| WHAT YOU HAVE TO DO |
Records follow. Print exactly the lines from the one that has "Блюдо для горячего 17х24см Edelweiss Петухи" through the one that has "Schönheit Spezielle Form", inclusive, and omit the pictures.

| GIVEN INFORMATION |

== Segment start ==

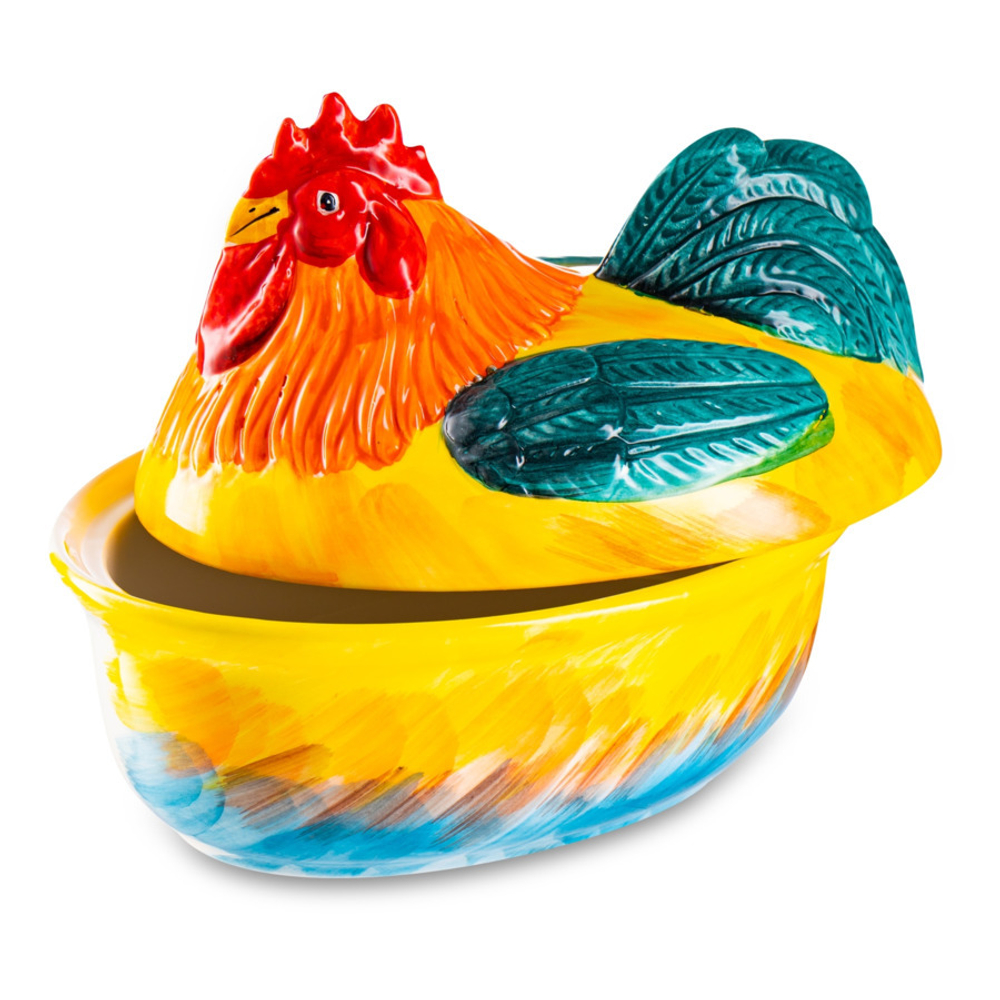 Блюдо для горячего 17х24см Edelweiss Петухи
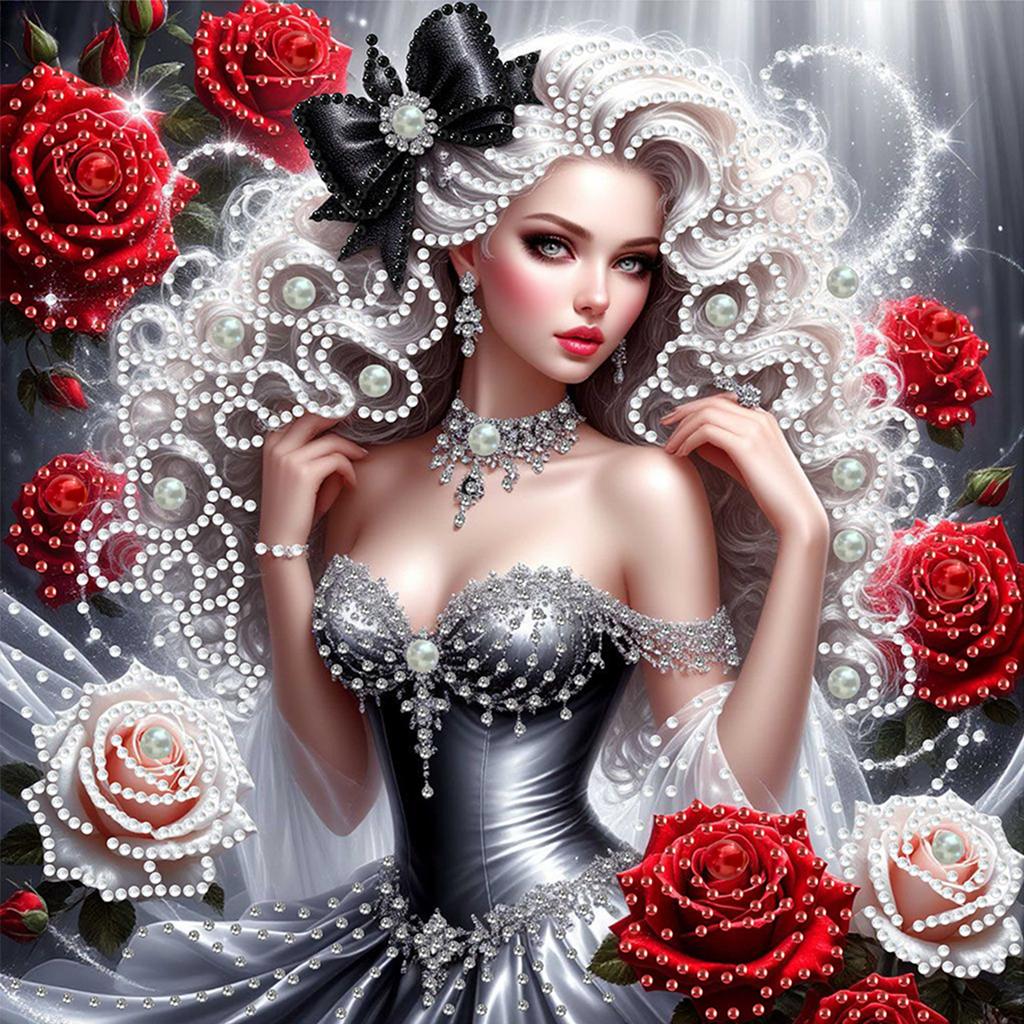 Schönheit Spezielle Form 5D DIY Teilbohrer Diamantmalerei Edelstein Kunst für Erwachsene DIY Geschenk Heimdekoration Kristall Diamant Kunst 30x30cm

== Segment end ==
== Segment start ==

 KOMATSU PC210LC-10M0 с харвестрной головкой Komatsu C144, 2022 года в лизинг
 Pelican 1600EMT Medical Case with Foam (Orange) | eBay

== Segment end ==
== Segment start ==

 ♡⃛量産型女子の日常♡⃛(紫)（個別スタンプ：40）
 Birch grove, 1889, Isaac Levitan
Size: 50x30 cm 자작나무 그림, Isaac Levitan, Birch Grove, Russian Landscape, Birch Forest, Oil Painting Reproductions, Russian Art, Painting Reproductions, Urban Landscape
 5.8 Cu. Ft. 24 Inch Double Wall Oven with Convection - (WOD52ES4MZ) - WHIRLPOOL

== Segment end ==

| RESULT OF THE TASK |
 Блюдо для горячего 17х24см Edelweiss Петухи
 Schönheit Spezielle Form 5D DIY Teilbohrer Diamantmalerei Edelstein Kunst für Erwachsene DIY Geschenk Heimdekoration Kristall Diamant Kunst 30x30cm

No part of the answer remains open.